"Early results: AI Users Code Better by Hand – But It's Very Likely Not Why You Think"

2026-05-24 · Andy T Woods · Analysis log ↗

One aim of this project is to test whether heavy use of AI coding tools affects our ability to code. We don't have enough data to answer that just yet. But we can eyeball our data, and the first-glance results are surprising: participants who reported higher AI usage performed better on the coding challenges (r = +0.39 with accuracy) – but were also slower (r = +0.23 with active time per challenge).

This is almost certainly not evidence that AI use improves unaided coding skill!

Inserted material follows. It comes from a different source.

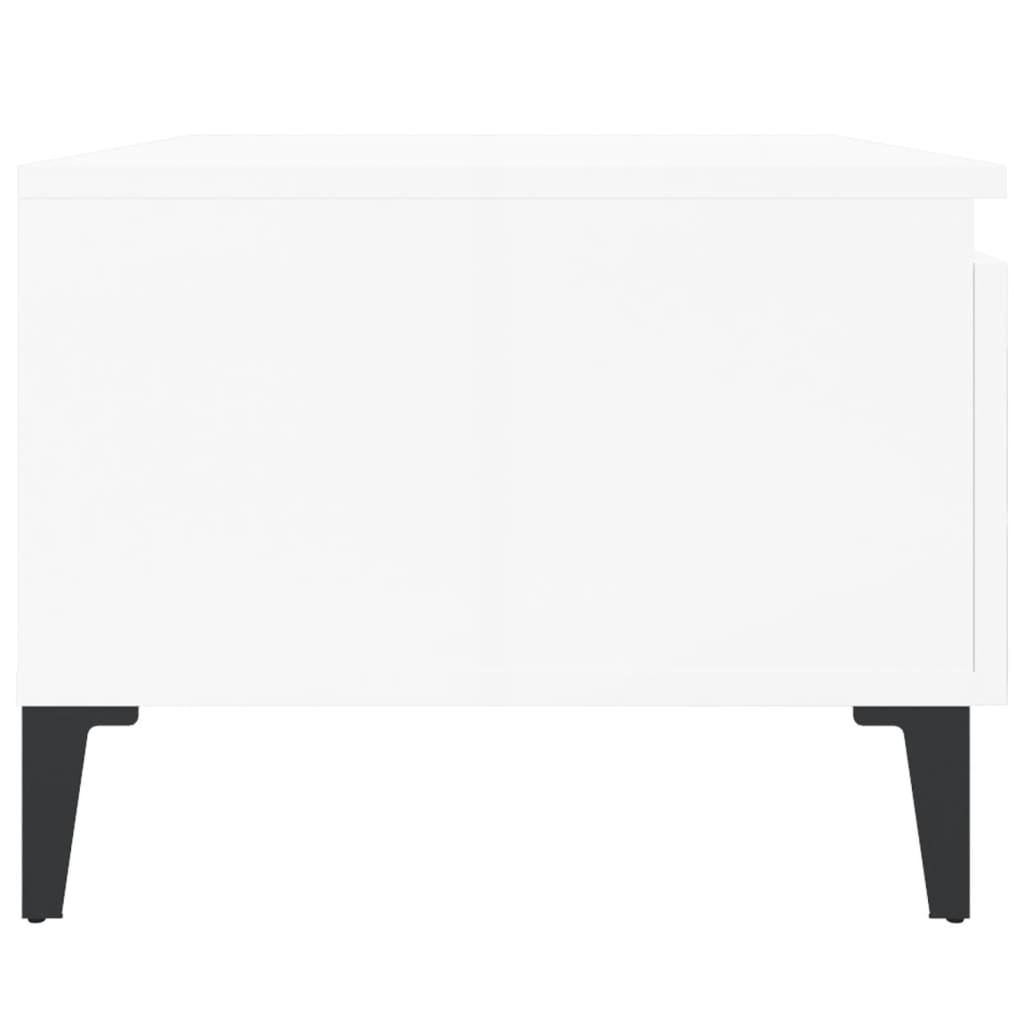 Tavolini 2pz Bianco Lucido 50x46x35 cm in Legno Multistrato - homemem39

With such a tiny sample size (19 people) we can't make any conclusions. But we can still ponder what is going on if the pattern of results we observe here holds with more participants. One explanation could be that we have confounding factors at play, for example, that early AI adopters in this sample may be stronger coders in ways not captured cleanly by years of experience. We can test this by checking whether experience drives AI adoption directly: the correlation between programming years and AI usage is r = −0.21, and between Python-specific years and AI usage r = +0.25. Both are weak and point in opposite directions, so experience doesn't cleanly explain the pattern. Another idea is that our average number of years coding is very high (approx 14). We may need to recruit participants with a broader range of coding abilities before we can properly test our hypotheses.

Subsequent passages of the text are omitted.